Five schools increased from a B to an A, including J.B. Martin Middle School, R.J. Vial Elementary, Harry M. Hurst Middle School, New Sarpy Elementary and Ethel Schoeffner. Tresa Webre, director of elementary schools, said the increases are largely due to the fact that many of the schools met performance goals.
“We had seven schools in our district that presented top gains with these scores and that means that they even exceeded or met their target. I think that shows we have a lot of schools that are really improving,” she said.
While letter grades for both Hahnville and Destrehan high schools both dropped from an A to B grade, officials said this is because schools were not eligible to receive bonus points due to the implementation of mandatory ACT tests last year.
Rachel Allemand, assistant superintendent for curriculum, instruction and assessment, said the drop was not unexpected because the high schools did not have data from previous years to properly track student progression, which factors into final school grades.

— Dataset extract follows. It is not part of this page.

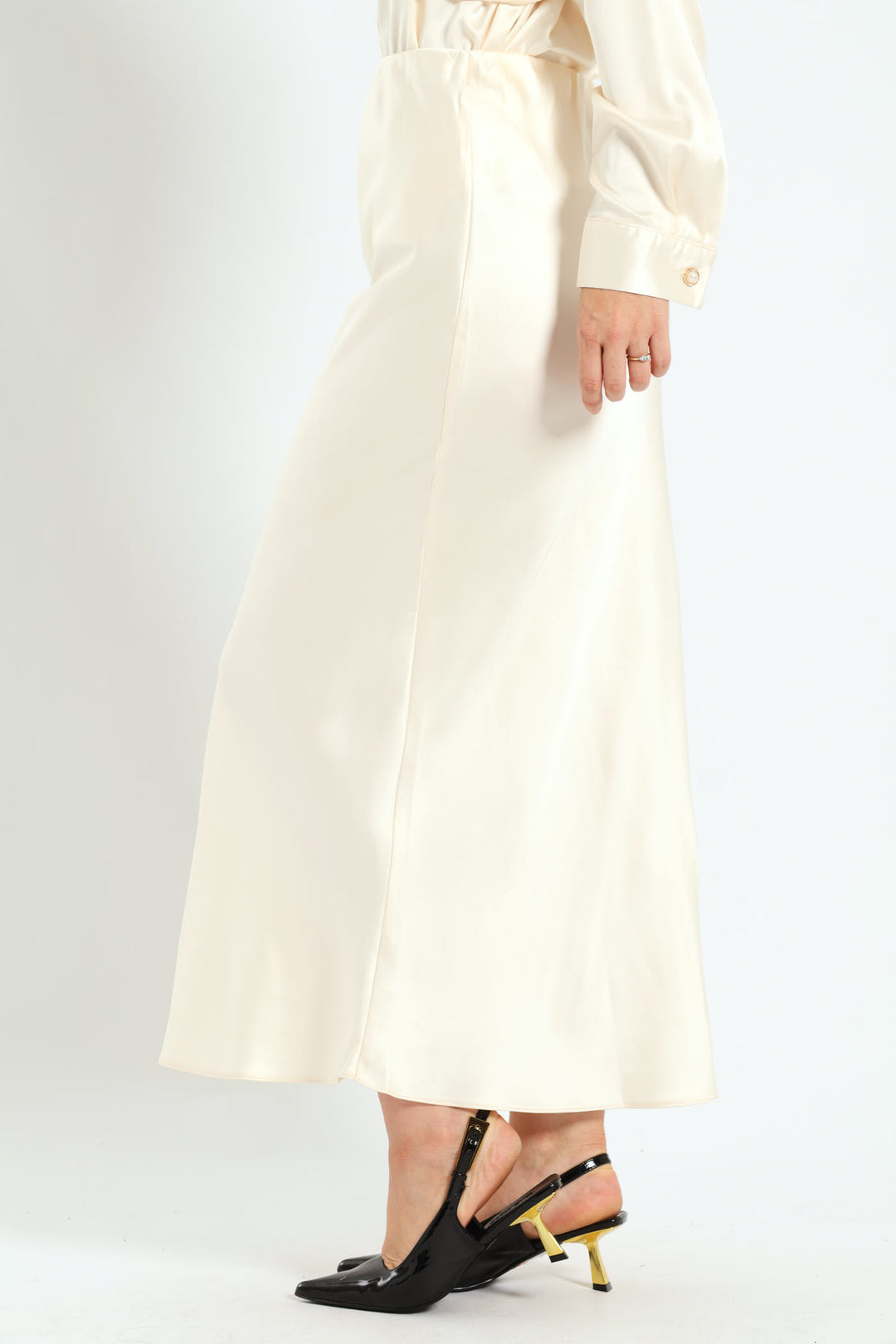 Satin Midi Slip Skirt - Cream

“They did not have the data to know who would qualify for bonus points. As a result neither Hahnville nor Destrehan received bonus points because it is a new measure and it was the first year that they gave ACT tests to everyone,” she said.
Next year the data will be available to track how many students increase their ACT performance and that will be figured into the score.
The release of the performance scores comes as the Louisiana Department of Education (LDOE) unveiled new letter grades for schools.
LDOE officials have called the grading change a simplification. Under the old grading scale, a school that scored between 120 and 200 would be considered an A school, between 105 and 119.9 would be a B grade, between 90 and 104.9 would be a C and between 75 and 89.9 would be a D. Any score below 74.9 would be an F.
Under the new scale, anything over 100 up to a maximum of 150 is an A, between 85 and 99.9 is a B, between 70 and 84.9 is a C, between 50 and 69.9 is a D and 49.9 and below is an F.
Also under the new grading scale, attendance, which used to make up 10 percent of a school’s performance score, is no longer taken into account for elementary and middle schools. Their scores are based solely on student performance tests such as iLEAP and LEAP this year and the PARCC beginning next year.
The new scoring system marks the third time the school ratings have been changed in the past three years.
Gomez-Walker said despite often occurring assessment changes, the school district is still focused on providing the best student progression possible.
“Our focus is very clear regardless of the formula or the changes in the formula,” she said.